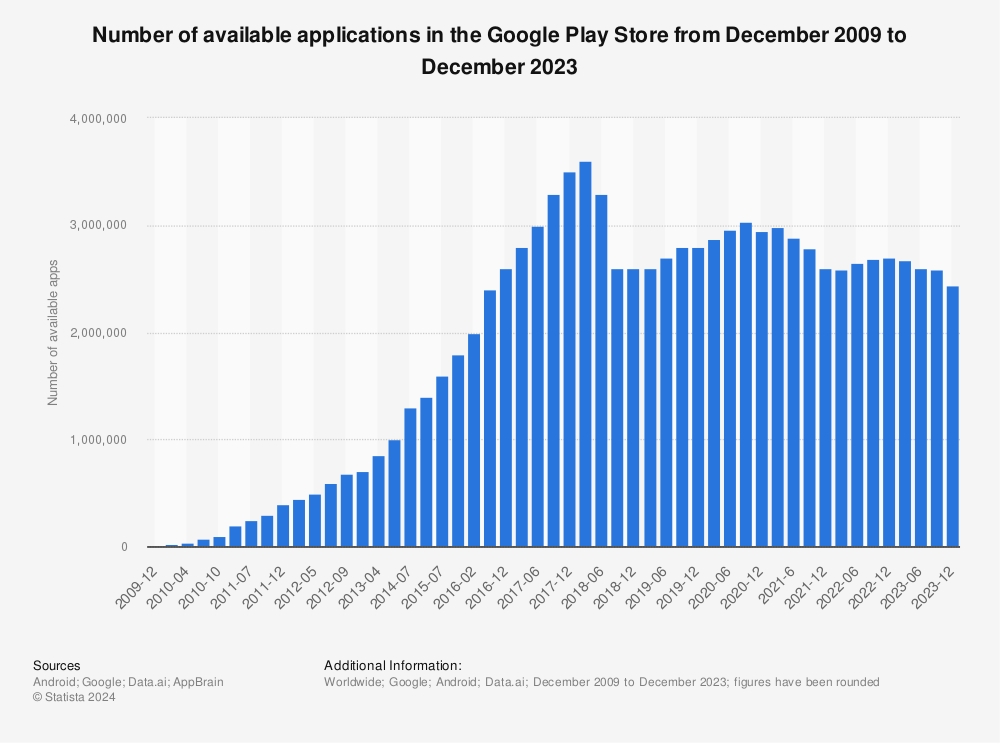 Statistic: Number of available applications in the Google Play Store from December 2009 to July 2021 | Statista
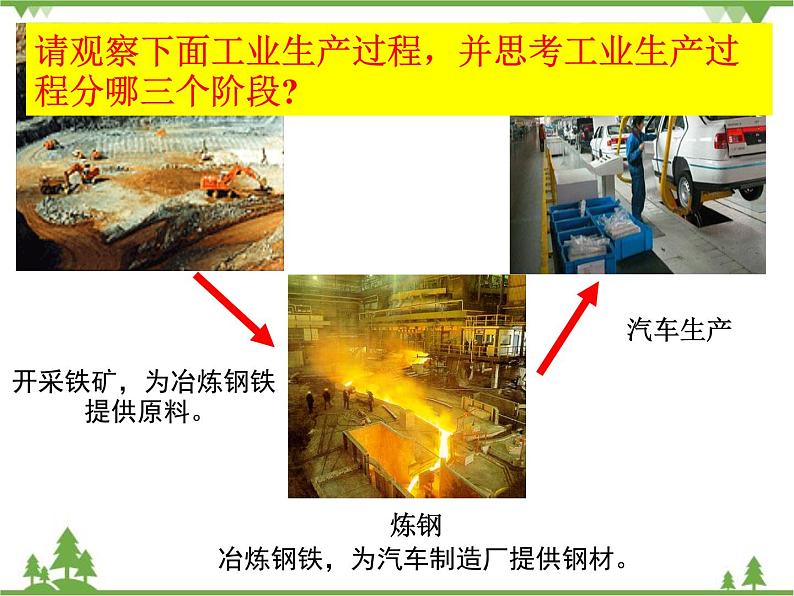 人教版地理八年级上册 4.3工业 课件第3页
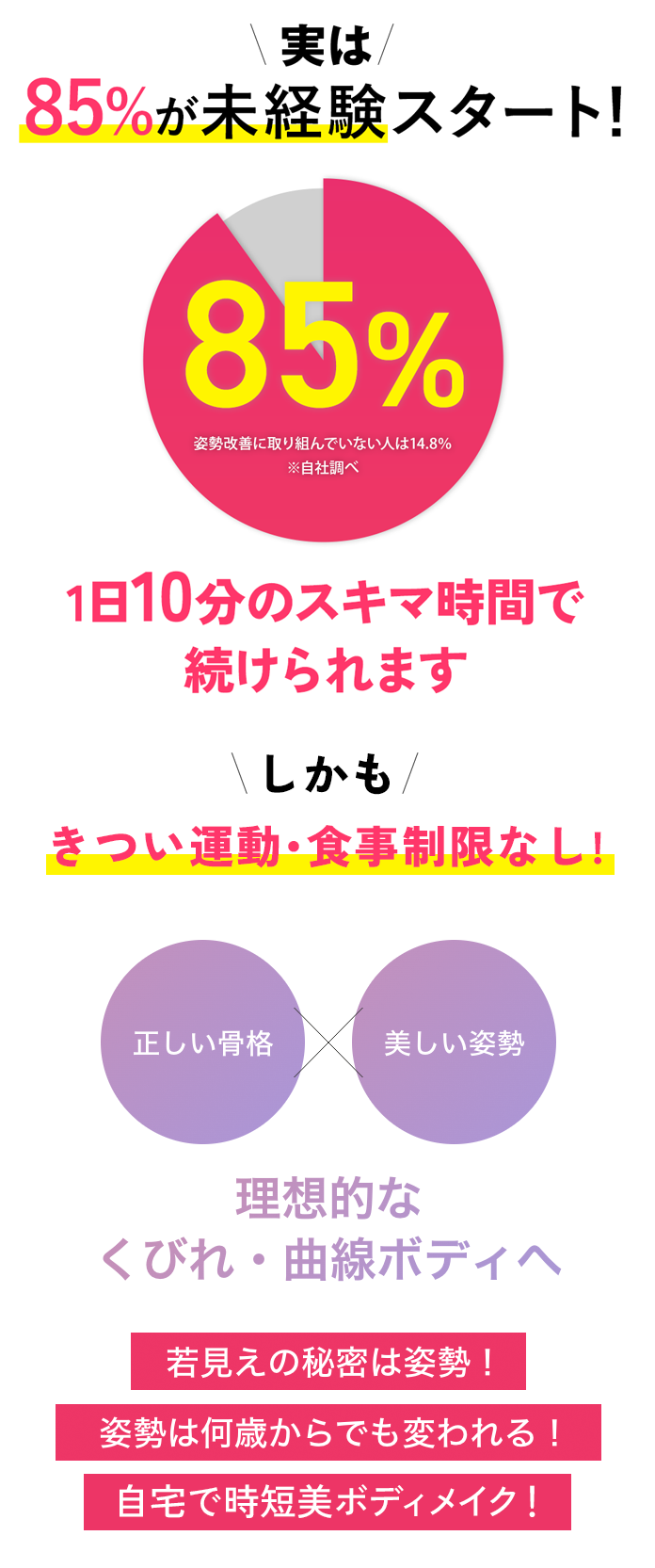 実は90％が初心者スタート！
◇ ◇ ◇ ◇ ◇
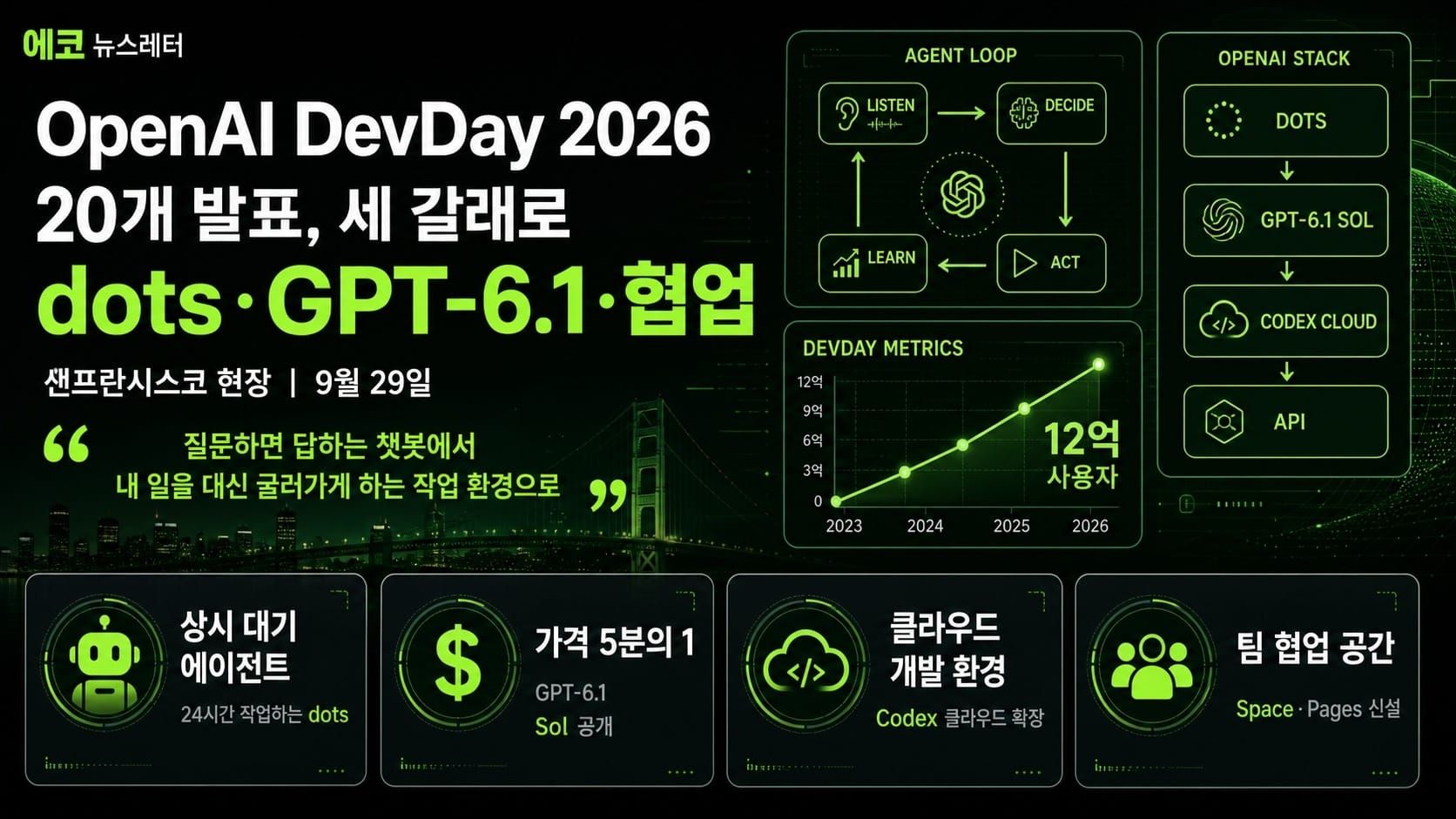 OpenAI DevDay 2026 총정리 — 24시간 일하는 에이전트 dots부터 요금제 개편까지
◇ ◇ ◇ ◇ ◇
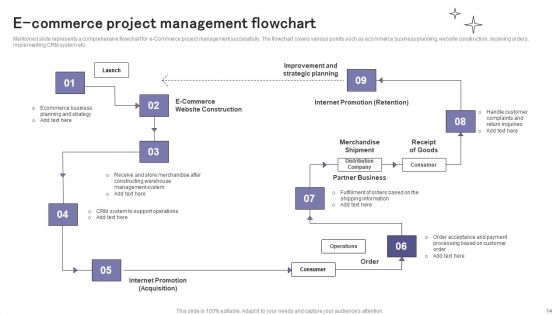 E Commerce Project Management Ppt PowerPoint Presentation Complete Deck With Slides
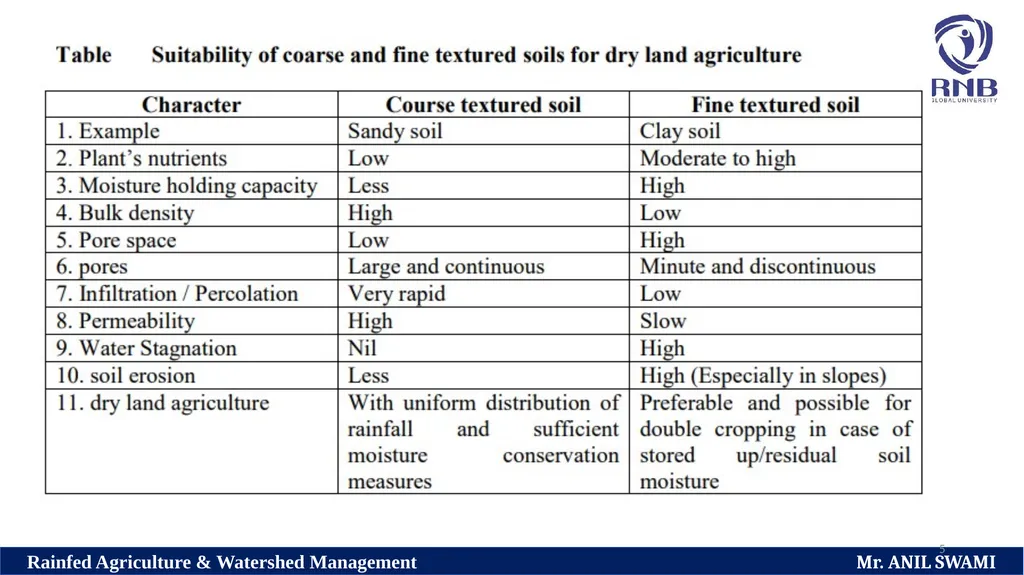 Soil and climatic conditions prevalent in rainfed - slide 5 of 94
◇ ◇ ◇ ◇ ◇
● Task objective:
Copy the lines above between the one holding "Statistic: Number of" and the one holding "実は90％が初心者スタート！", inclusive. Drop the pictures.

● Answer to this problem:
 Statistic: Number of available applications in the Google Play Store from December 2009 to July 2021 | Statista
 人教版地理八年级上册 4.3工业 课件第3页
 実は90％が初心者スタート！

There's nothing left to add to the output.